Summary: Value iteration
Value iteration is the simpler sibling of policy iteration: just apply the Bellman optimality equation as a direct update, sweep after sweep, until V (or the greedy policy) stops moving. No explicit policy maintained, no inner evaluation loop. It is the GPI extreme (one Bellman sweep per “improvement”) and the cleanest pre-figure of the model-free methods coming in Phase 3. This summary is the scan-in-five-minutes version of the full lesson.
Core ideas
Section titled “Core ideas”- The update. V_(k+1)(s) = max over a of [ R(s, a) + gamma * sum over s’ of P(s’ | s, a) V_k(s’) ]. The Bellman optimality equation as an assignment, swept over all states, repeated.
- Why it converges. The Bellman optimality operator T^* is a contraction in the sup-norm with constant gamma: || T^* U - T^* V ||_inf
<=gamma * || U - V ||_inf. So V_k -> V^* geometrically at rate gamma, from any starting V_0. Each iteration cuts the worst-case error by a factor of gamma. - The greedy policy stabilizes early. The implicit policy at iteration k is greedy w.r.t. V_k. It typically settles to pi^* long before V finishes converging numerically. Stopping VI when the greedy policy stops changing is a standard, often-large speedup.
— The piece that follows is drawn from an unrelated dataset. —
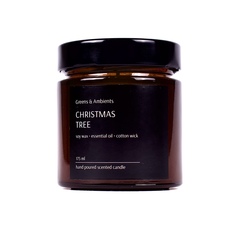 Ароматическая свеча Новогодняя елка Christmas tree 175 ml Greens & Ambients
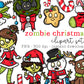 Zombie Christmas Spooky Clipart Bundle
- Worked on A/B at gamma = 0.9. Starting V_0 = (0, 0) the sweeps give V_1 = (1, 2), V_2 = (1.9, 2.9), V_3 = (2.71, 3.71), V_4 = (3.439, 4.439), creeping toward V^* = (10, 11). The greedy policy is (stay, switch) = pi^ from iteration 1*.
- VI as the GPI extreme. Three points on the same evaluate-then-improve spectrum: full PI (many evaluation sweeps per improvement), truncated PI (a few), and VI (exactly one). All converge to the same V^* and pi^*; the trade-off is cost-per-step against number-of-steps.
- Pre-figures the rest of the track. Q-learning is VI on Q with the expectation replaced by a sample. DQN is the same update with the table replaced by a neural network. The recursion you iterate here is the one those methods estimate.
What changes for you
Section titled “What changes for you”You now have the second (and simpler) of the two planning algorithms, and a habit you will keep using: iterate the Bellman update, and let the policy fall out as the greedy action. The early-stopping trick is the most practically useful piece, the greedy policy often settles in a handful of sweeps even when V’s last few digits keep crawling, so you do not need to wait for V to converge to act optimally. The bigger payoff is structural: the VI update is the shape of every later algorithm in the track, with the expectation either summed exactly (planning, Phase 2) or estimated from samples (model-free learning, Phase 3) and the value either tabular (here) or function-approximated (Phase 4). One recursion, three settings.